Tigers coach Rob Hewitt made an exception for Walker; he planned to use her as a multi-event workhorse at the FSL’s, so at the Indy champs he turned her loose in her best event, the 800.

The GFS squad came in sixth in the field of 16 on Wednesday, with 40.33 points, and Penn Charter placed 13th, with 18 points. Almost all of the Quakers points came out of the jump pit, where junior Carolyn Brady won the triple jump (33’10”) and senior Hailey Bennett took third in the long jump.

As at the Inter-Ac meet, Springside Chestnut Hill had three athletes do the bulk of its scoring. In addition to Broadwater’s exploits, the Blue Devils had 10th-grader Julia Reeves win the long jump (16’0.5”) and finish second in three other events. She was just a few steps behind Broadwater in both the 100 and 200 dash finals, and was four inches shy of the long jump mark turned in by PC’s Brady.

This gave Reeves a total of 34 points on her own (more than nine of the teams at the meet), and the Blue Devils picked up another seven points from junior Jamie Costarino, who was fourth in the 3200 and fifth in the 1600. Six points were added through a third-place showing in the 4 x 100 relay, with a line-up of sophomore Essence Walden, junior Bridget Lipp, and sophomores Calder McNeil and Singley Risico.

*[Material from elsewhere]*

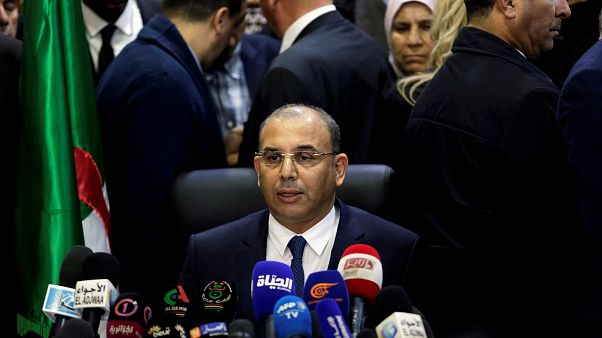 عبد الغني زعلان يتحدث بعد تقديمه لأوراق ترشح بوتفليقة عبد الغني زعلان يتحدث بعد تقديمه لأوراق ترشح بوتفليقة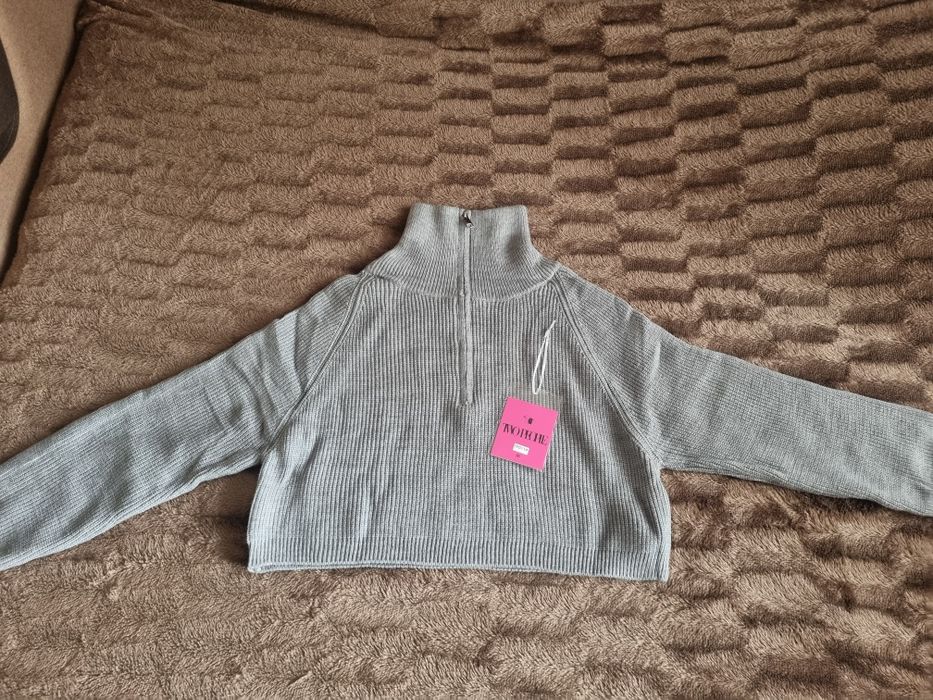 Кофта новая. Укороченная, до 50 размера.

The GA squad got its usual lift in the high jump from Megan McCloskey, a senior headed for Penn State. She won with a leap of 5’6” after entering the competition when the bar reached 5’4”, the height at which the runner-up failed out. Before and after that event, McCloskey was playing over at the sand box, taking second place in the long jump and third in the triple.

In each event, she was within an inch or less of the girl who placed just ahead of her, and when all was said and done, she had accounted for half of GA’s team point total. Building on the solid foundation established by McCloskey, fellow senior Kerry Lawlor and freshman Abbe Goldstein finished third and fourth, respectively, in the 1600 to bring in another 10 points.

Indy Schools cross country champion Jerrica Bauer of George School won comfortably in the 3200, while GA sophomore Paige Kupsky, also running pretty much alone for the last few laps of the race, netted second for the Patriots. One of Kupsky’s classmates, Tesa Pribitkin, collected fourth-place points in the pole vault.

For Germantown Friends, Walker’s win in the 800 was complemented by Sarah Alden’s eight-point contribution; the senior landed in third place in the high jump and sixth in the 300 hurdles. Another 12th-grader, Emma Clark, was fourth in that hurdles final, while a third GFS senior, Claudia Detre, extracted a total of five team points from the javelin (fifth place) and the pole vault (sixth).

In the sprints, fourth place points came to the Tigers in the 200 meter dash, thanks to junior Taryn Milbourne.